Notably, too, Cameo is not just a liberal jacuzzi of famous playthings. It’s fair to describe Cameo as having quite the eye-popping array from the American right. The rump of Trump’s clownish political entourage is on Cameo: former press secretary Sean Spicer, Anthony Scaramucci, Kimberly Guilfoyle, Roger Stone and Corey Lewandowski are all available for hire, as is former Alaskan governor Sarah Palin, who promises 24-hour delivery on her page – which is more of a wait than it takes to buy firearms in Alaska. On the British side, we have the aforementioned Farage (tagline: “They call me Mr Brexit… some people say I’m controversial, and I couldn’t care less”). Last month, dressed in a neatly pressed shirt and a smart blue tie, Farage gave a shout-out to one “Hugh Janus”. Takes one to know one, perhaps.
And there are Cameos for obscure tastes. The bassist from OK Go? Perez Hilton? Political polling guru Frank Luntz? The guy who sang “I Like To Move It”? Justin Bieber’s drummer? Who on earth is hiring these people? While some lack name status due to – let’s be frank – their astronomically low levels of notoriety, others have no name at all. Meme stars such as The Most Interesting Man In The World and Hide the Pain Harold (he of the inscrutably awkward smile framed by tight white beard meme fame) also have a chance to monetise their much-hijacked likenesses. Even if The Most Interesting Man is probably spending a fortune on cigars.

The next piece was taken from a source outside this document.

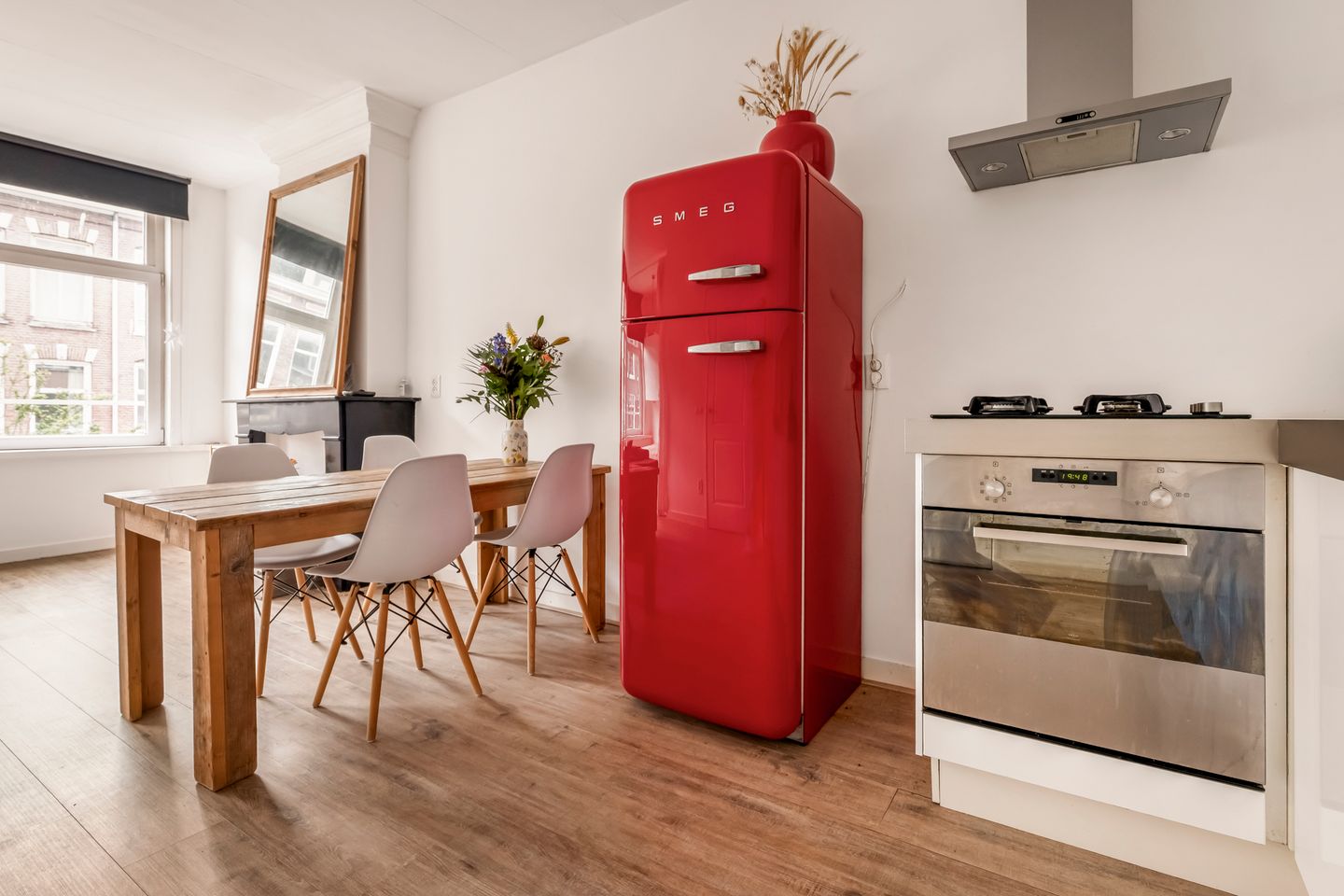 Photo 19 of Rustenburgerstraat 280-2V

I used to think that being on Cameo was a sign of intense failure, but having completed it – the way one might complete Mario Kart – I’ve come to re-evaluate that slightly snooty position. Yes, it’s odd to see your teenage hip-hop idols congratulating a sales team on a great Q3. But just because some RADA-educated thespians are now, in the reinterpreted words of Withnail and I, reduced to the status of a content provider, doesn’t mean they’ve failed. I urge everyone to watch just a few Cameo videos, just to see the genuine professionalism and cheery disposition most people bring to every video. Is it so bad that celebrities can be given a star rating, just like an Uber driver? Or be told what to do in 250 characters or less? Or be badged with “24-hour delivery”, as though they’re a piping-hot pizza?
I think not: the more I watched, the more I stopped putting celebrities on a pedestal. I could relate to these people for the first time, because in many ways, I could see them doing a slightly crappy, slightly demeaning job. Just like the crappy demeaning jobs we all do, day in, day out. Fame is fleeting. Nothing makes that clearer than Cameo.